People in costume added color to the throng. A large panda bear wore a shirt proclaiming “Pandas for Badgers.” A man carried a toaster with a figure of Governor Walker protruding from the bread slot. His sign read, “Walker, you're toast.” A group of older women, The Raging Grannies, wore crazy hats and dresses while singing protest songs. Uncle Sam, his mouth sealed with duck tape, paraded with a skull on his hat. A woman carried a picture of Gov. Walker as a string puppet with the label “Koch Industries Inc.”

Protest signs were everywhere:

“Care about education.”
“Arrest Scott Walker; he's peddling Koch.”
“We are Management, and we vote Labor.”
“Kill the Bill.” “When Injustice becomes law, rebellion becomes duty.”
“I'm a public employee, and I haven't felt this unwanted since I returned from Viet Nam.”
Guvner Scott Woker sayved Whisconsun Tacks paerrs munee, but I mis meye teechr.”
“A tyrant will always find a pretense for his tyranny.”
“Gov. Walker the whole world is watching.”
“This is what democracy looks like.”
“Love is the change. Be the change.”
“Recall Walker.” “
This rally, like the daily protests before and since, was serious and well organized. Yet it was not mean-spirited. Venders sold popcorn, cotton candy, hot dogs and other goodies. There was an air of celebration and politeness. Demonstrators, when prohibited from entering the Capitol, shouted, “Let us in. Please. Let us in. Please.” When police assisted demonstrators they yelled, “Thank you. Thank you.”

Yet all was not sweetness and light. Many view politics as warfare. Commentators on the left and on the right exchange acrimonious charges and countercharges. Wealthy men, motivated by greed, manipulate the political process for their own gain. I confess, I'm tempted to demonize those whom I oppose – Scott Walker, David Koch, Dick Cheney and others.

How is one to live with soul in these difficult and complex times? Jesus said, “Love your enemies and pray for those who persecute you because your heavenly parent gives sunlight to the evil and the good and sends rain on the just and unjust too. Be perfect (inclusive) as your heavenly parent is perfect (inclusive).” (Matt. 5:44,48 RSV)

Is this teaching just a spiritualized platitude, or does it have relevance today? Is it possible to live lives so focussed on God's inclusiveness that it affects our attitude toward the whole creation including our enemies?

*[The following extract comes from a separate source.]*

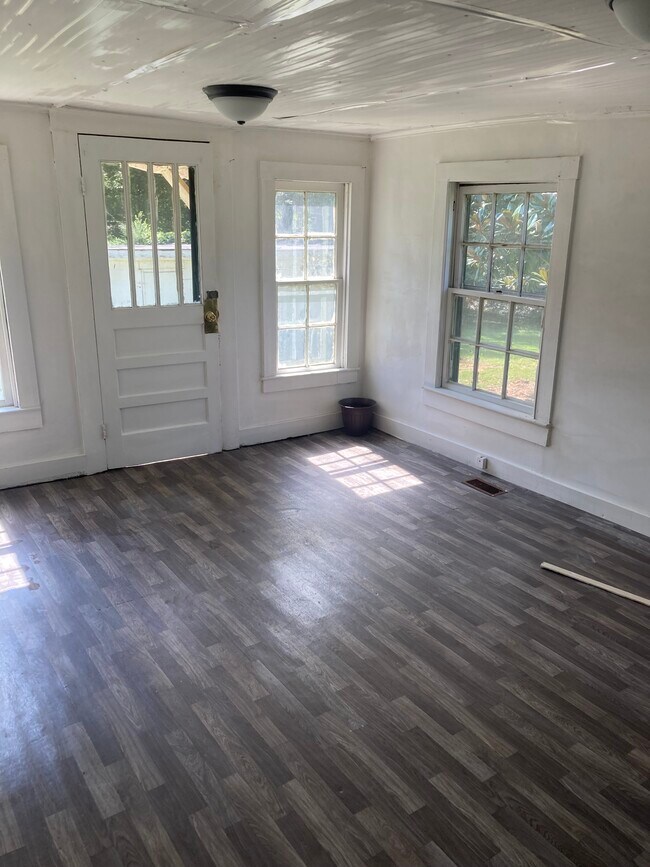 907 S Johnson St, Gaffney, SC 29340 House Rental in Gaffney, SC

Put in more contemporary terms, is it possible to be so enamored with the beauty and complexity of the Cosmos that we are able to affirm the statement by Dr. Martin Luther King Jr.:

Forces that threaten to negate life must be challenged by courage, which is the power of life to affirm itself in spite of life’s ambiguities. This requires the exercise of a creative will that enables us to hew out a stone of hope from a mountain of despair? (from On Living Life)

Will the state of Wisconsin and our nation fare better if we who resist injustice love our enemies? It is difficult to believe that love will overcome fear and hatred when the powerful, whom we oppose, wish to destroy us. When I was the director of MUM (Madison-area Urban Ministry), our strategy was to block the efforts of those who would dominate us while searching for win-win options that benefited all parties. This is difficult when one is dealing with powerful opponents. Many times the best we could do was to expose their attempts to manipulate us.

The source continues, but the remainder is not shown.